→ **Work task**
Set down exactly the lines below, starting at the one that contains "Lampadario a sospensione" and ending at the one that contains "Straight Strap Black", with both of those lines included and nothing else.

→ **Records for processing**
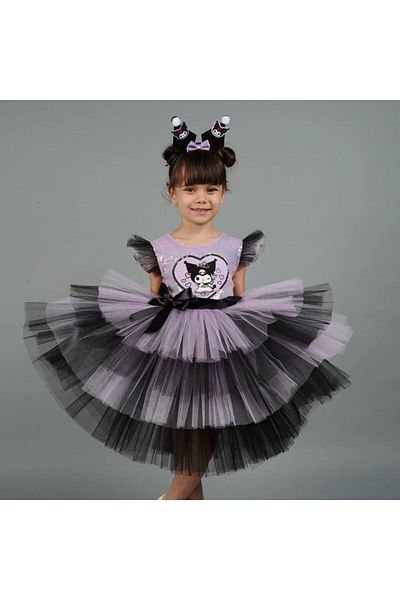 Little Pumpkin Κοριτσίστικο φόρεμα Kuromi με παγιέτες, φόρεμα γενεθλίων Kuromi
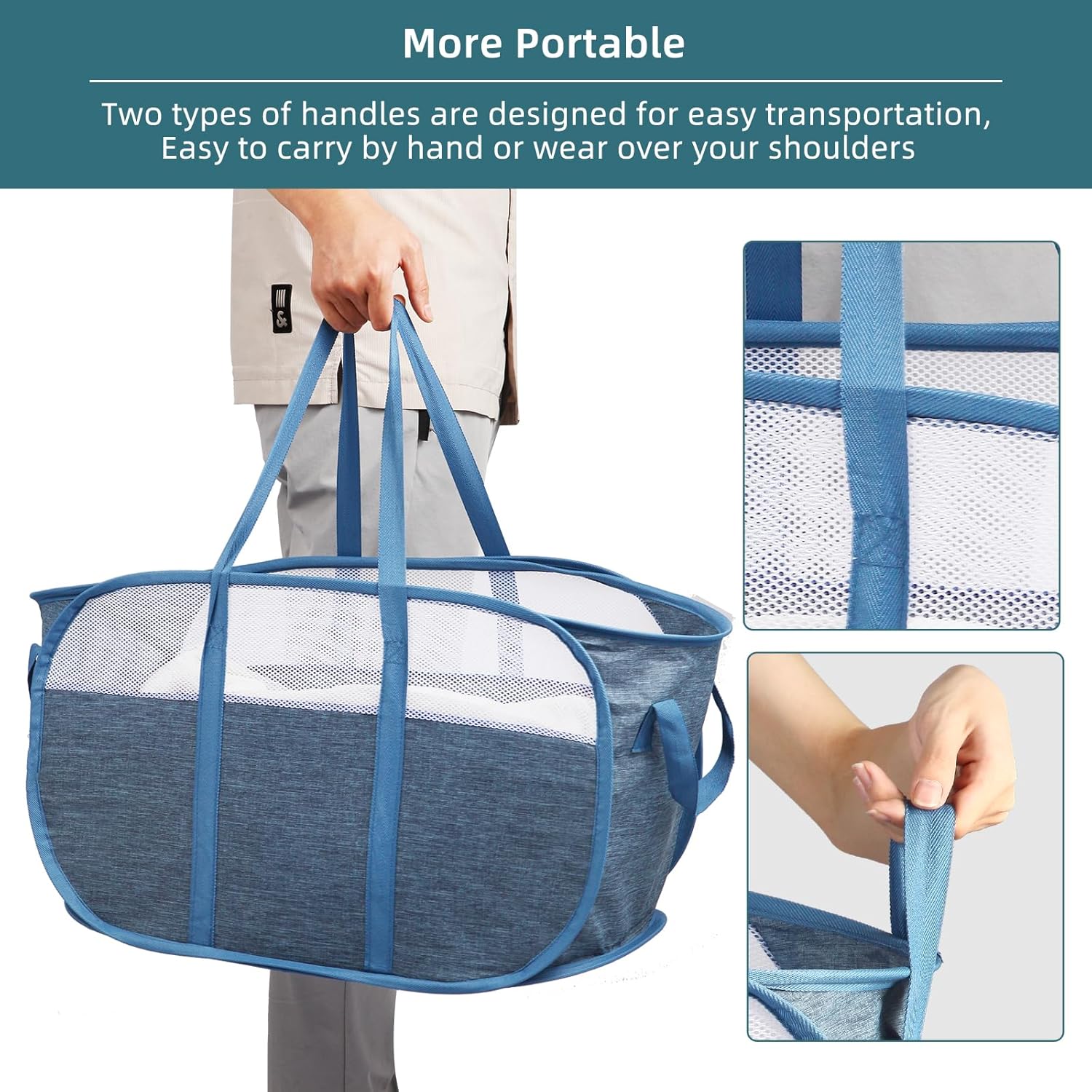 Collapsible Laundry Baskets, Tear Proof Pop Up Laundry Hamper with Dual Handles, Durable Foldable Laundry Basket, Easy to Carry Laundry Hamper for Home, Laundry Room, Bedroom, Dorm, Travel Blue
==
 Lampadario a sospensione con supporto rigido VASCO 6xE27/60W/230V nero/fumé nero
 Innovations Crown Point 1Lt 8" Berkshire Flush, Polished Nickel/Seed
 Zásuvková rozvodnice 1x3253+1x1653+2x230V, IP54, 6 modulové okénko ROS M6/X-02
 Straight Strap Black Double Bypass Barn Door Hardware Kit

→ **Answer**
 Lampadario a sospensione con supporto rigido VASCO 6xE27/60W/230V nero/fumé nero
 Innovations Crown Point 1Lt 8" Berkshire Flush, Polished Nickel/Seed
 Zásuvková rozvodnice 1x3253+1x1653+2x230V, IP54, 6 modulové okénko ROS M6/X-02
 Straight Strap Black Double Bypass Barn Door Hardware Kit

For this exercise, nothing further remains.